* **ASSIGNMENT**:
Copy every entry word for word, but skip the pictures.

** Opening RECORDS TO PROCESS block **

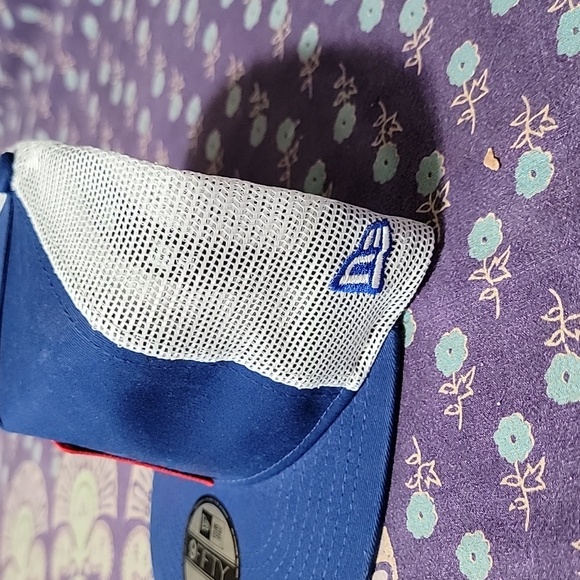 Cubs Snapback Trucker Hat - Picture 2 of 6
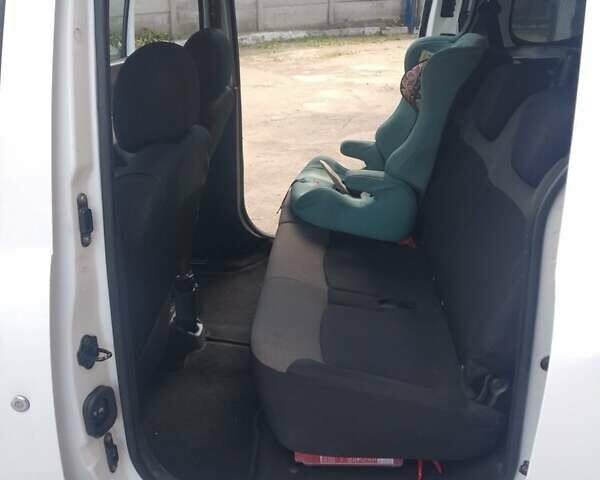 Білий Рено Dokker, об'ємом двигуна 1.46 л та пробігом 300 тис. км за 8500 $, фото 1 на Automoto.ua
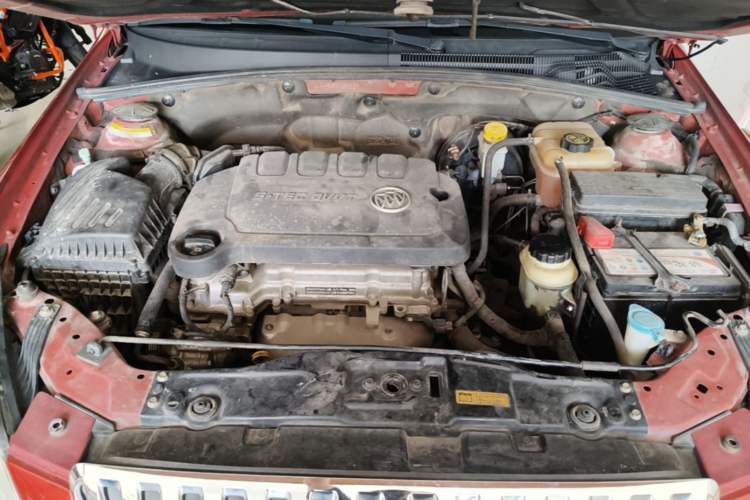 Used Buick Excelle 2013 1.5L Automatic Classic Model Engine Bay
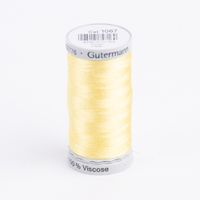 32583-Stickgarn-Farbnr--1067-Guetermann-500-Meter-S.jpg Stickgarn Farbnr. 1067 Gütermann 500 Meter/Spule Viscose Sulky Rayon 40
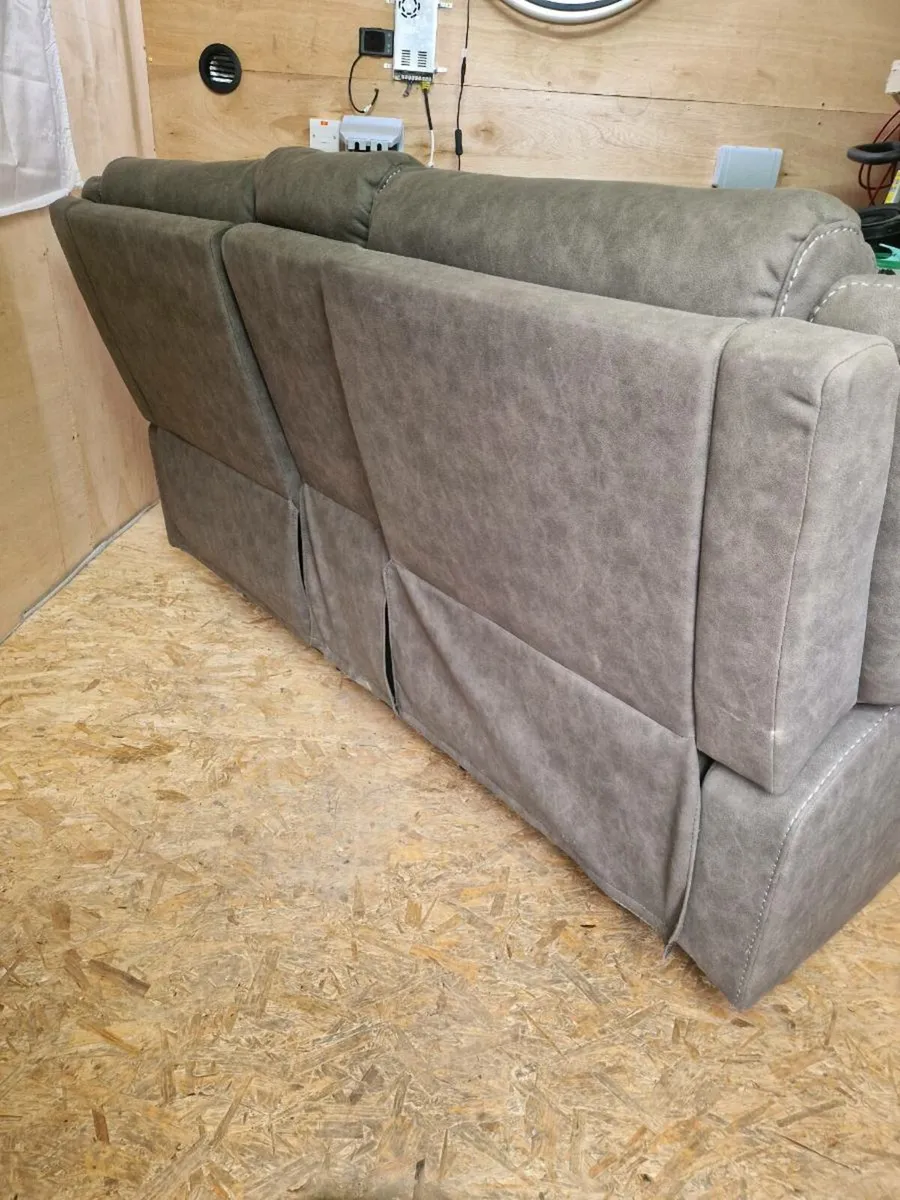 2 seater recliner with centre console - Image 4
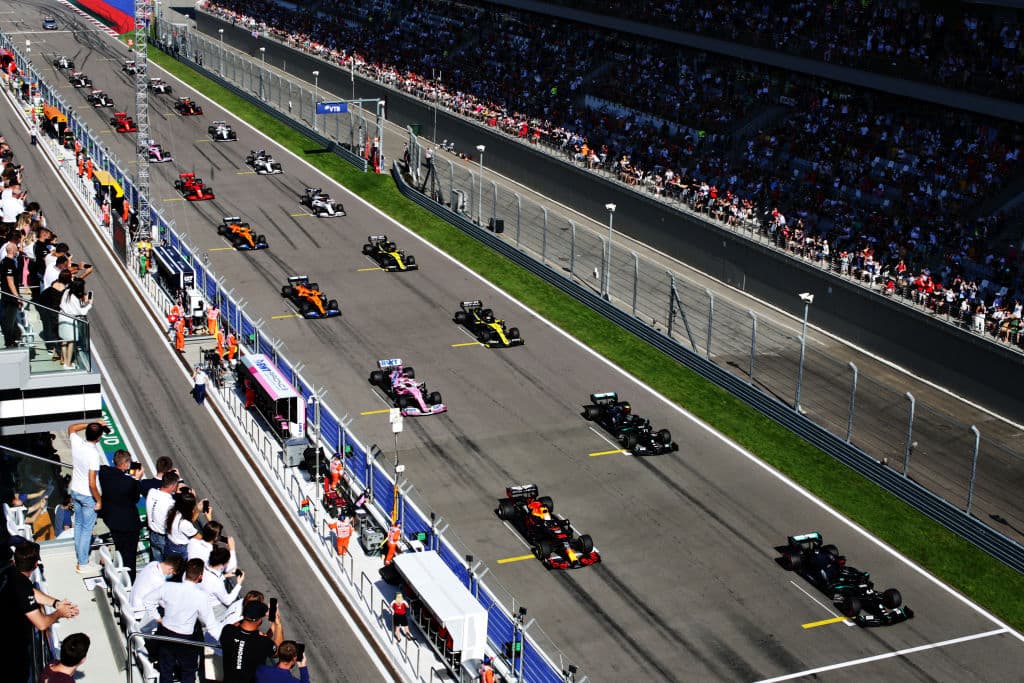 Bottas gana su segundo Grand Prix del año, en el podio lo acompañó Verstappen y Hamilton. El mexicano Sergio Pérez tuvo la oportunidad de tener un lugar en el podio pero se quedó en la cuarta posición en el Gran Premio de Rusia.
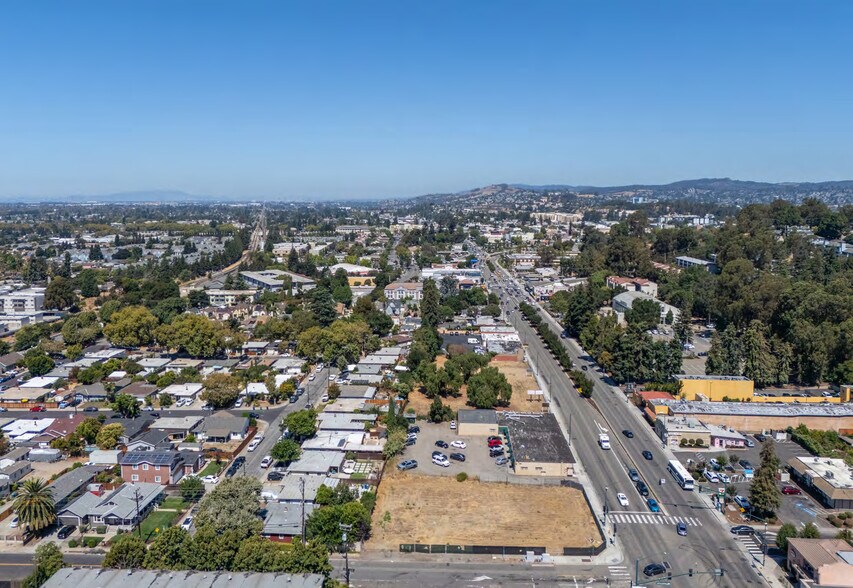 More Photos Of 24471 Mission Blvd, Hayward Freestanding For Sale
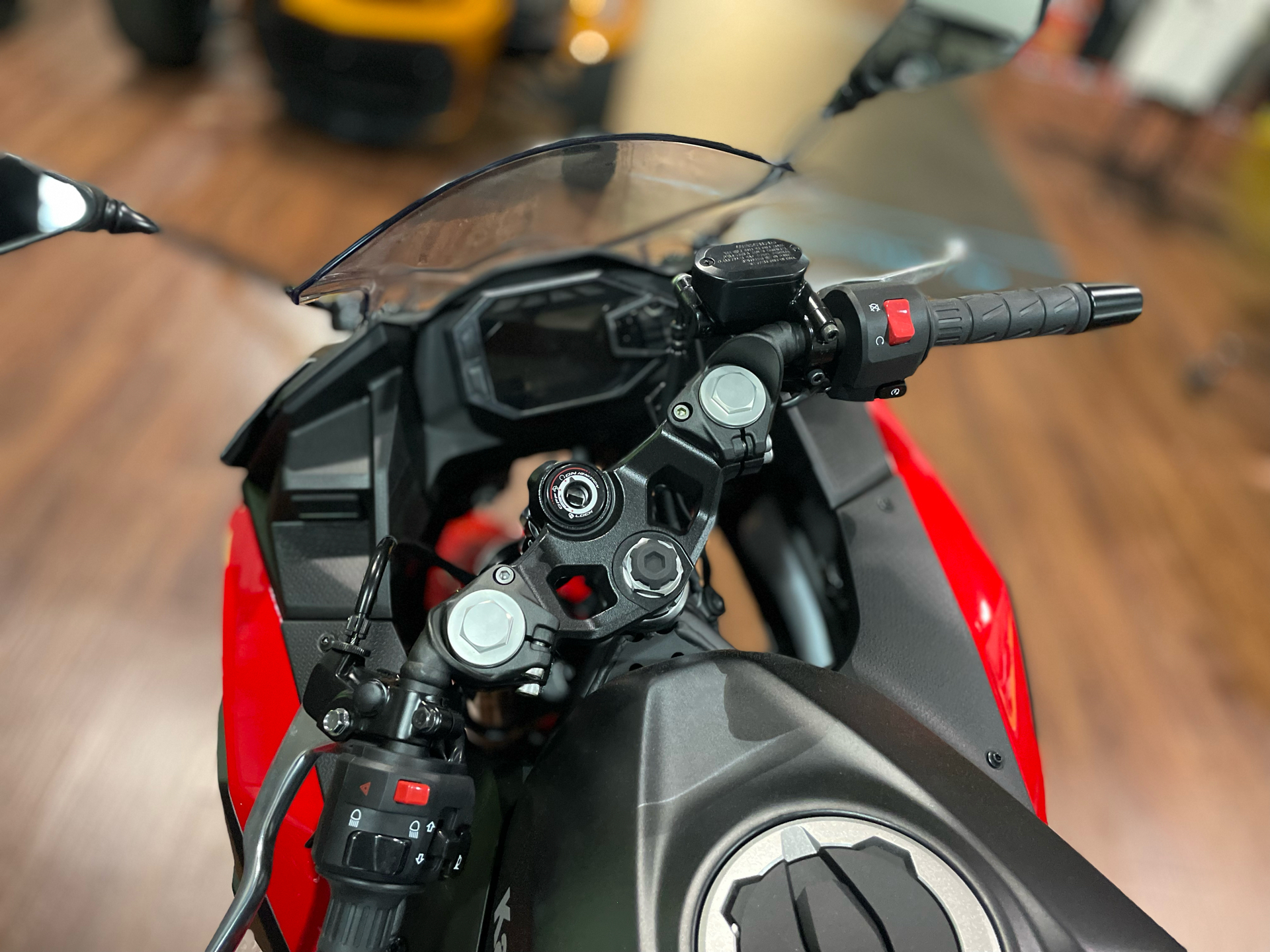 2025 Kawasaki Ninja 500 SE ABS in Tyngsboro, Massachusetts - Photo 20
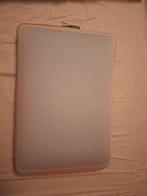 M-Line hoofdkussen, Eenpersoons, Wit, Ophalen of Verzenden, Zo goed als nieuw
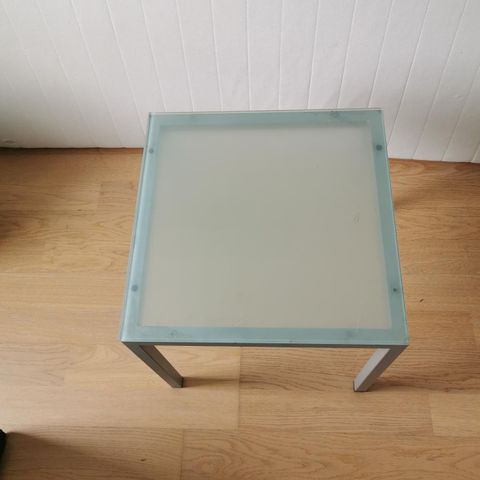 Sofa bord i glass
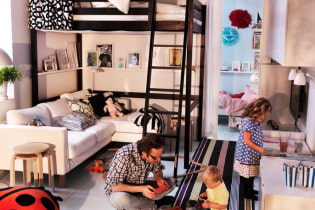 7 élet feltör egy nagy család számára, hogy egy kis lakásban élhessen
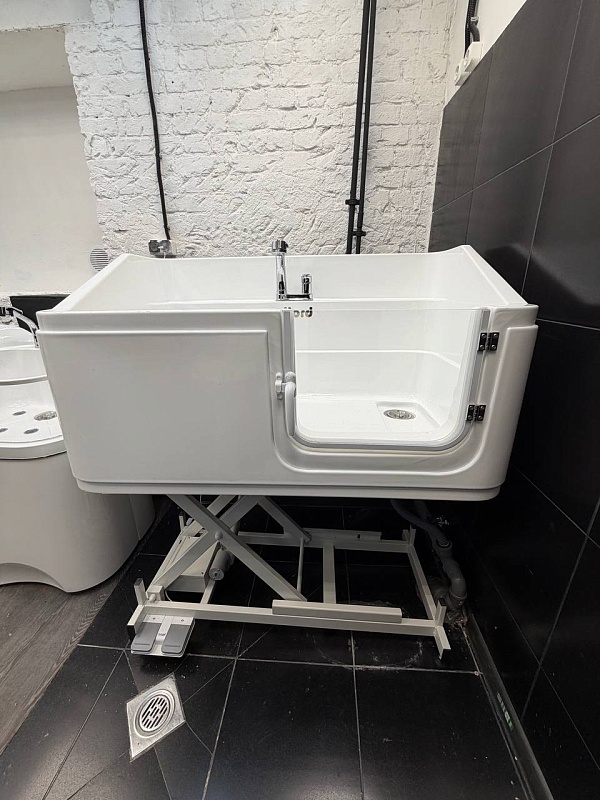 Milord Ванна для мытья собак белая на электроподъемнике, акриловая Milord Acrl-1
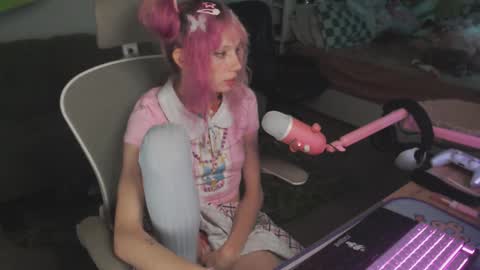 lewdy booty online show from October 18, 5:33 am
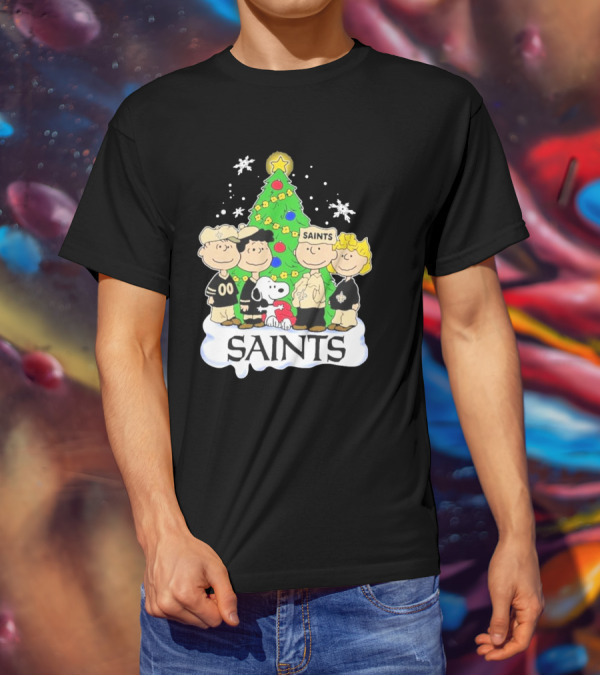 New Orleans Saints Snoopy Christmas Tree Peanuts Characters Snowflakes T-Shirt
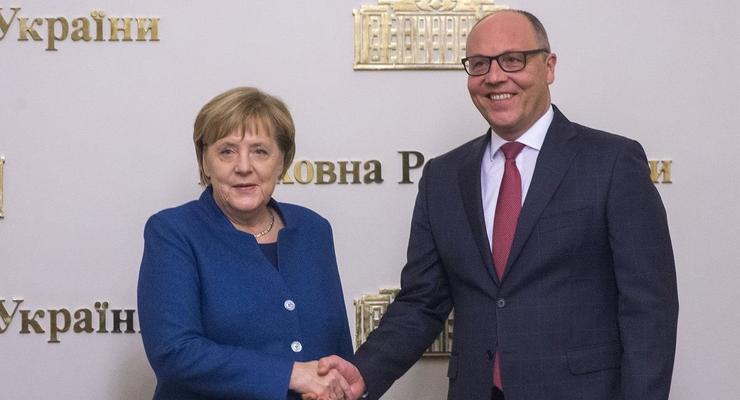 Меркель "менее критично" настроена к Nord Stream-2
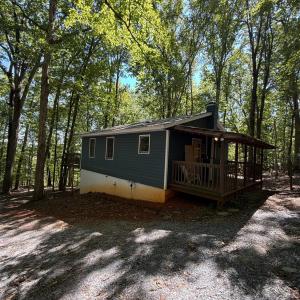 Photo #4 of 713 Leesville Lake Drive, Pittsville, VA 5.0 acres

** Closing RECORDS TO PROCESS block **

* **EXPECTED OUTPUT**:
 Cubs Snapback Trucker Hat - Picture 2 of 6
 Білий Рено Dokker, об'ємом двигуна 1.46 л та пробігом 300 тис. км за 8500 $, фото 1 на Automoto.ua
 Used Buick Excelle 2013 1.5L Automatic Classic Model Engine Bay
 32583-Stickgarn-Farbnr--1067-Guetermann-500-Meter-S.jpg Stickgarn Farbnr. 1067 Gütermann 500 Meter/Spule Viscose Sulky Rayon 40
 2 seater recliner with centre console - Image 4
 Bottas gana su segundo Grand Prix del año, en el podio lo acompañó Verstappen y Hamilton. El mexicano Sergio Pérez tuvo la oportunidad de tener un lugar en el podio pero se quedó en la cuarta posición en el Gran Premio de Rusia.
 More Photos Of 24471 Mission Blvd, Hayward Freestanding For Sale
 2025 Kawasaki Ninja 500 SE ABS in Tyngsboro, Massachusetts - Photo 20
 M-Line hoofdkussen, Eenpersoons, Wit, Ophalen of Verzenden, Zo goed als nieuw
 Sofa bord i glass
 7 élet feltör egy nagy család számára, hogy egy kis lakásban élhessen
 Milord Ванна для мытья собак белая на электроподъемнике, акриловая Milord Acrl-1
 lewdy booty online show from October 18, 5:33 am
 New Orleans Saints Snoopy Christmas Tree Peanuts Characters Snowflakes T-Shirt
 Меркель "менее критично" настроена к Nord Stream-2
 Photo #4 of 713 Leesville Lake Drive, Pittsville, VA 5.0 acres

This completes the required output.